Segun parece, el problema es que el emisor modula la señal, pero el receptor "no demodula bien"; asi que supongo que necesita mucha luz "infraroja" (*1) para activar la salida (*2).
Asi que, creo, el problema esta, en que al receptor le falta: la amplificacion que necesite, un filtro pasa banda  y el demodulador. Justamente existen unos circuitos integrados que hacen eso, se utilizan como receptores en los mandos a distancia y mas cosas.
Te hablo de estos circuitos integrados (estos o parecidos a estos): http://www.datasheetcatalog.org/datasheet/Temic/mXyzwrzq.pdf

Fijate en el datasheet, y si quieres, puedes modificar el circuito para que funcione a mas de 10cm. Ten en cuenta que tendras que cambiar la frecuencia del emisor a la frecuencia del receptor (*3) y si la frecuencia del receptor es la misma que, por ejemplo tu mando a distancia de la television, seguramente tambien actibaras este receptor, con el mando a distancia de la television (*4).

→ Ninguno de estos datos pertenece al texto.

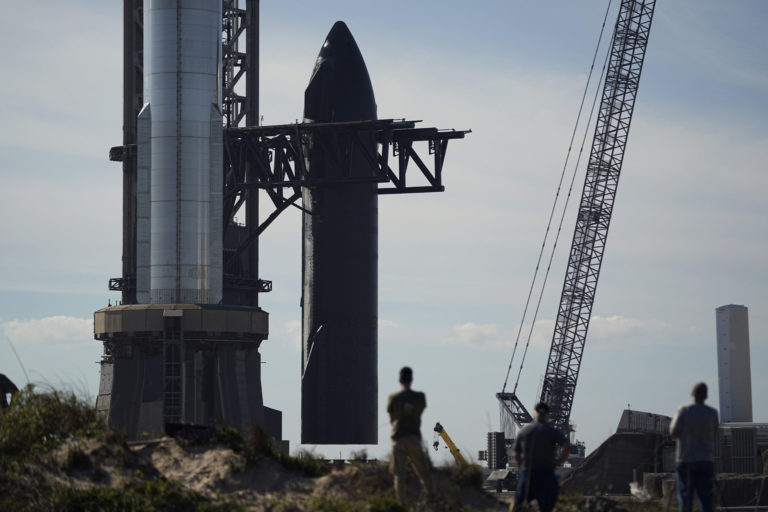 Starship, SpaceX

*1: algunos tambien detectan luz visible, auque con menos sensivilidad

*2: al parecer por un tiempo limitado despues de un pulso

*3: "f0", en este modelo hay desde 30kHz hasta 56kHz

*4: al reves no, ya que el mando a distancia, envia señales digitales. Pero quiza hagas "sombra" con este emisor a las señales del mando a distancia, y puede que los mandos de la television no funcionen bien si tenes cerca este emisor activado (y con mas razon si lo tienes apuntando a la TV). Lo digo solo por curiosidad.

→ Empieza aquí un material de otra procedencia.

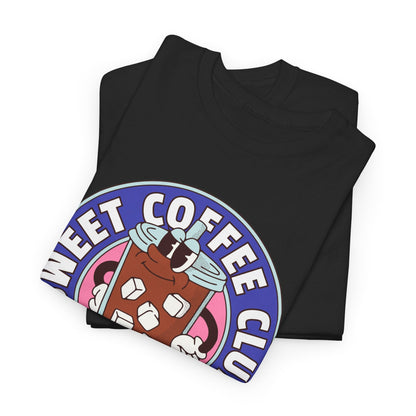 CARAMEL AMERICANO - Coffee (Basic Tee)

Me gustaria saber que cambios harias en el circuito, y si necesitas ayuda, aqui estare.

un saludo


----------



## Kalamarus (Oct 3, 2011)

No domino mucho el mundo de la optica, pero podrias probar tambien con una lente fresnel, o con un soporte parabolico (como el de las linternas)...o usando una combinación de ambos....ya me contarás


----------



## mecatronica6b (Oct 4, 2011)

muchas gracias por las respuestas kalamarus y eL 1ct, intentare con las dos formas haber cual me resulta mas eficiente perdón x no agradecer rapido  pero eh tenido muchisima tarea, espero ya tener algo de tiempo mañana para probar las soluciones gracias..!!!


----------



## biker2k3 (Oct 4, 2011)

Usa un receptor TSOP1738 y de transmisor un led infrarrojo comun y modula la señal a 38khz, es lo mismo que usan los TV


----------